Democracy and Poverty in India

Guestlecture by Yogendra Yadav

Wednesday, March 17, 2010 - 14:00 to 15:30

Asia Research Centre invites to a guest lecture by

Yogendra Yadav, Centre for the Study of Developing Societies, Delhi

on

Democracy and Poverty in India

India presents us with a paradox of the co-existence of democracy and poverty, specifically the continued existence of electoral democracy with popular participation along with mass poverty. The paradox is not trivial: we have good reasons to be surprised about it. Making sense of this paradox takes us to the explanatory framework that may shed light on the mechanism that makes this paradoxical co-existence possible. The framework may also enable us to do a little more: understand the changes over time and differences across the various states in the relationship of democracy with poverty.
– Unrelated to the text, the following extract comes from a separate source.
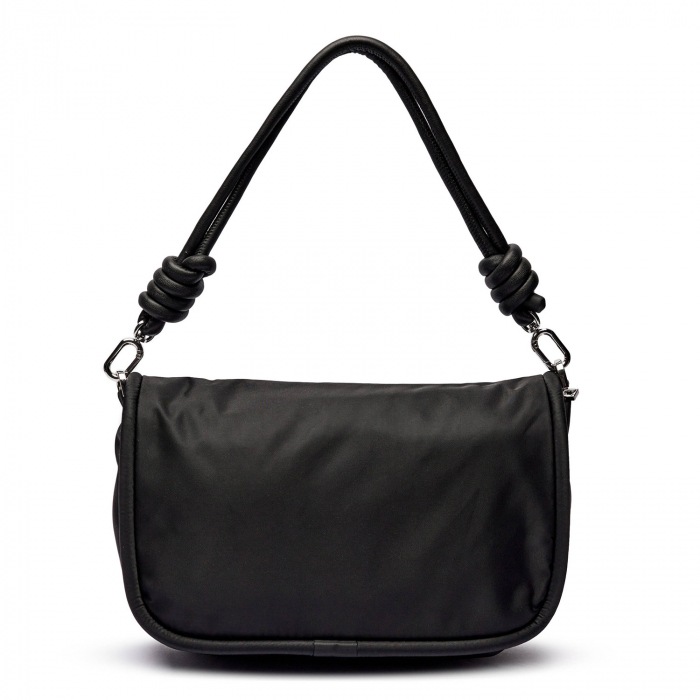 Geanta de dama crossbody, Desigual, seria Priori Gales Maxi, Negru [10]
 Yogendra Yadav is a Senior Fellow at the Centre for the Study of Developing Societies (CSDS), Delhi since 2004. Currently he is a Fellow at Institute of Advanced Study (Wissenschaftskolleg) at Berlin for the year 2009-2010.

Professor Yadav's areas of interests include democratic theory, election studies, survey research, political theory, modern Indian political thought and Indian socialism. He has co-authored State of Democracy in South Asia (OUP, 2008) and co-edited (with Sandeep Shastri and K C Suri) Electoral Politics in Indian States (OUP, 2009). He has also co-authored (with Alfred Stepan and Juan Linz) Democraccy in Multi-national Societies, due for publication in 2010 from John Hopkins University Press. He has been involved in designing and coordinating the National Election Studies, the most comprehensive series of academic surveys of the Indian electorate, from 1996 to 2009.

In 2008 Professor Yadav was awarded the Malcom Adishesiah Award for contribution to development studies. In 2009 the International Political Science Association honoured Professor Yogendra Yadav with the first Global South Solidarity Award "in recognition of outstanding work on the politics of the developing world".